A população negra também foi a mais afetada pelas consequências sociais e econômicas da pandemia. Com o avanço da precarização do emprego e a baixa remuneração, e com a retração e o desmonte de políticas públicas de acesso à renda, como o Bolsa Família e o Auxílio Emergencial, a fome e a falta de moradia são elementos que marcam a gestão genocida da pandemia. 

Um outro agravante é vermos o Plano Nacional de Imunização – PNI, historicamente reconhecido pela universalização do acesso à vacinação, romper com o princípio da equidade, um dos pilares do Sistema Único de Saúde, o SUS, ao permitir que grupos e segmentos corporativos tenham prioridade no processo de imunização, mesmo que estes não façam parte dos segmentos reconhecidamente vulneráveis a essa doença. Essa quebra da equidade teve como consequência a paralisação do critério idade na vacinação, sabidamente um dos fatores de morbidade e mortalidade por COVID-19. 

Reconhecer o dado da realidade de que a pandemia acirrou as desigualdades que acompanham a história da sociedade brasileira e adotar medidas efetivas para prevenir o adoecimento e morte de pessoas negras pela COVID-19 é essencial para que a vacinação possa ser efetivamente utilizada como um instrumento de estratégia de imunização coletiva. 

Em vista desses dados alarmantes e da necessidade urgente de preservar a vida de pessoas negras através de sua priorização no processo de vacinação, a Coalizão Negra Por Direitos vem assinalar a importância de que as autoridades governamentais observem a realidade e o quadro de desigualdades raciais vigente para tornar o processo de vacinação menos nocivo à população negra. Desse modo, torna-se imprescindível considerar o seguinte: 

1. Que a expectativa de vida de pessoas negras é sabidamente menor que a de pessoas brancas;

2. Que pessoas negras são mais afetadas por comorbidades específicas que as incluem nos grupos de risco; 

3. Que as pessoas negras estão majoritariamente sujeitas a condições precárias de trabalho e que são a maioria dos trabalhadores em serviços essenciais; 

4. Que as pessoas negras estão majoritariamente sujeitas a moradias precárias;

5. Que as pessoas negras estão majoritariamente sujeitas a grandes deslocamentos pelas cidades do Brasil e mais expostas à contaminação.

Assim, a Coalizão Negra Por Direitos vem a público externar sua preocupação com a condução da política de combate à pandemia na forma em que vem se realizando. Entendemos que a população negra, o grupo majoritário mais afetado pela crise da COVID-19, merece atenção prioritária para que o atual quadro de desigualdade de tratamento seja enfrentado com parcimônia e equidade. 

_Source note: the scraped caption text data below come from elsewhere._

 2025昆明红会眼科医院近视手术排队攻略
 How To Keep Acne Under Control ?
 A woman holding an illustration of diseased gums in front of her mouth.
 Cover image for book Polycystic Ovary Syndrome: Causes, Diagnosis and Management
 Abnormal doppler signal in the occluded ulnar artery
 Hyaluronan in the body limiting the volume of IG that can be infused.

Sobre a Coalizão Negra Por Direitos

A Coalizão Negra Por Direitos reúne 200 organizações, grupos e coletivos do Movimento Negro Brasileiro para promover ações conjuntas de incidência política nacional e internacional. As entidades definem estratégias para intensificar o diálogo com o Congresso Nacional e com instituições, como a Organização das Nações Unidas (ONU) e a Organização dos Estados Americanos (OEA) sobre a pauta racial, além de fortalecer ações nos estados e municípios brasileiros nesse sentido.